Ha muerto Gérard Mortier. Uno de los nombres clave para entender el desarrollo de la ópera en nuestro tiempo. No me cabe al respecto la menor duda. Nadie podrá negar su brillo, su genialidad y esa capacidad suya para irritar a casi todos, para salirse con la suya, a veces con el capricho del niño pequeño, del Peter Pan que se movía en los más diversos e inverosímiles recovecos hasta conseguir lo que quería. Al principio de su carrera fue un enfant terrible que se movió de la mano de Christoph von Dhonanyi, en diversos teatros del ámbito germánico y en una temprana colaboración en París con Rolf Liebermann y Hugues Gall. Pero su primer gran impacto internacional llegaría a partir de 1981 cuando se hizo cargo de la dirección del teatro de La Monnaie de Bruselas al que dio una repercusión espectacular. Encargó obras, modernizó el repertorio tradicional, atrayendo al mismo a grandes artistas de otras disciplinas, y apostó por un concepto global del espectáculo en el que los cantantes pasaron a ser una parte más del espectáculo sin demasiadas opciones para el pataleo. Tuvo claro, desde el primer momento, que no admitía divismos sobre el escenario. Si acaso ya se encargó él de asumir ese rol con polémicas declaraciones y múltiples beligerancias hacia todo aquel que atacase sus proyectos. Tenía un corpus creativo y organizativo muy nítido, definido de forma precisa y en el que nada ni nadie le apartaba de sus objetivos. El encargo de obra nueva fue por tanto una de sus señas de identidad y también apadrinó a varias generaciones de cantantes, directores de escena y musicales que gracias a él se consolidaron de inmediato en los circuitos. Su apabullante labor en Bélgica le sirvió para dar el salto a un acartonado Festival de Salzburgo que cambió de pies a cabeza y que logró revitalizar con su audacia sin límites. Su paso por la Ópera de París también generó dosis de arrebatos entre los aficionados, con encendidas luchas y pasiones variopintas hacia sus radicales propuestas. Su trabajo en la trienal del Ruhr fue, a mi juicio, otro relevante acierto. Quizá su mayor fracaso fue la aventura americana. Trató de exportar su modelo a Nueva York, pero las restricciones presupuestarias le impidieron llevarlo a cabo. Dio entonces un portazo y entonces se produjo el desembarco madrileño, en el teatro Real, donde ha terminado su trayectoria.

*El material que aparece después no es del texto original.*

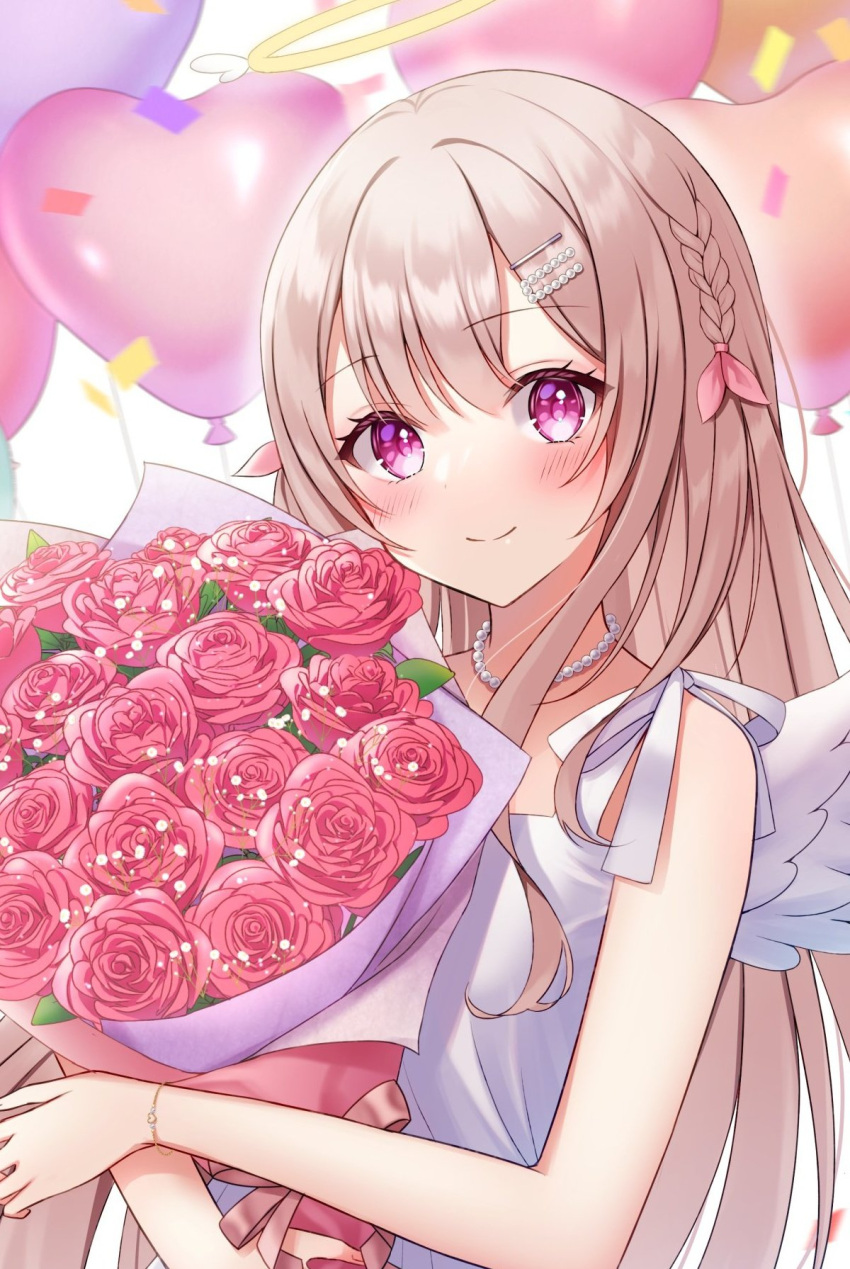 1girl, angel, angel_wings, balloon, blush, bouquet, bow, bracelet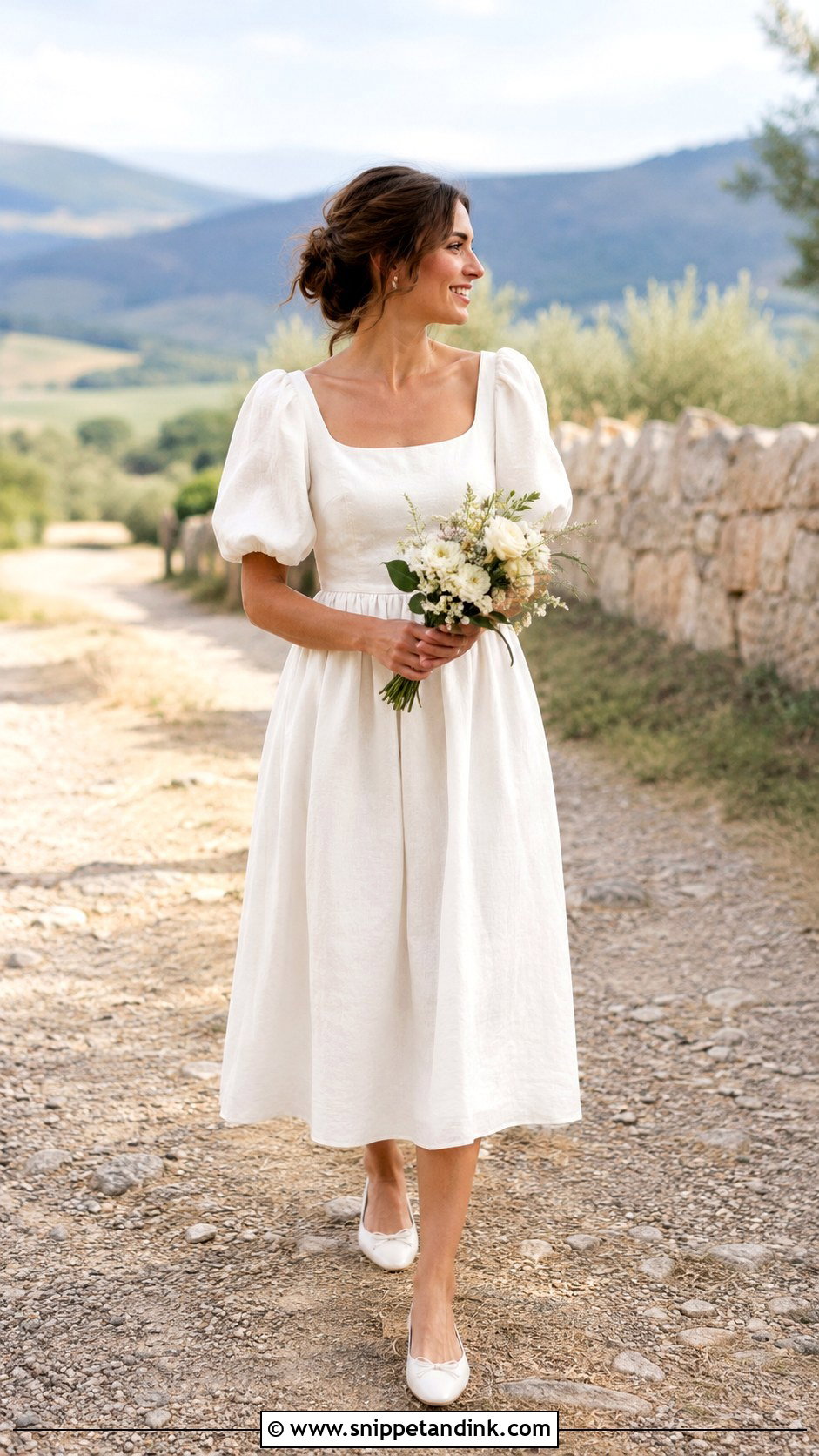 Linen Wedding Dress With Puff Sleeves - Snippet and Ink - 30 Linen Wedding Dress Ideas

La etapa madrileña ha estado jalonada, cómo no, de múltiples agitaciones. La ópera de la capital siempre se ve envuelta en una múltiple lucha de intereses y protagonismos varios. Entre sabihondos, legiones de parásitos que están a ver lo que sacan, el afán de muchos de sentar cátedra cómo sea, la jauría que rodea el teatro es una especie de patio de Monipodio que, desde provincias, da risa por su cortedad de miras. Entre toda la fauna apenas sobresalen cuatro o cinco voces sensatas que tratan de poner cordura pero a las que les resulta muy difícil hacerse oír entre esa marabunta enfurecida. Aquí llegó Mortier como un elefante en una cacharrería. Daba la impresión de que nada había pasado antes de su advenimiento en el coliseo de la plaza de Oriente. Fue su primer gran error: despreciar la gestión de sus predecesores. Luego hubo más tropezones como la mal disimulada alergia a los cantantes españoles o su dificultad de sacar adelante su discurso artístico sin tener que poner dinamita en cada una de sus declaraciones públicas. En lo que se refiere al resto de su gestión las luces son potentes, de largo alcance. En estos años se han visto montajes y propuestas que han levantado la atención mundial, otras han generado mil y un encendidos debates, otras directamente rozaron el delirio. Su fijación con directores de escena como Cherniakov o Warlikowski generaron la ira de los sectores más conservadores. Ahí estaba él especialmente feliz. Cuando era consciente que la caverna se agitaba, entonces se empleaba a fondo. Mortier estuvo en Oviedo, en el teatro Campoamor, acompañando a Sylvain Cambreling cuando recogió su galardón como mejor director musical en los Premios Líricos, hace tres temporadas. Educado e inquieto, se interesó por todo, por la historia del teatro y de la ciudad. A partir de entonces tuve con él una relación cordial en la que pude percibir su categoría intelectual, lo sólido de las opiniones, la perseverancia de las mismas, la defensa de ellas hasta en la equivocación y un sentido del humor muy peculiar que no todos supieron entender. Gracias a Mortier, y a otros como él, la ópera sigue viva y la caspa que la estaba hundiendo en circuitos minoritarios y falsamente elitistas es cosa del pasado.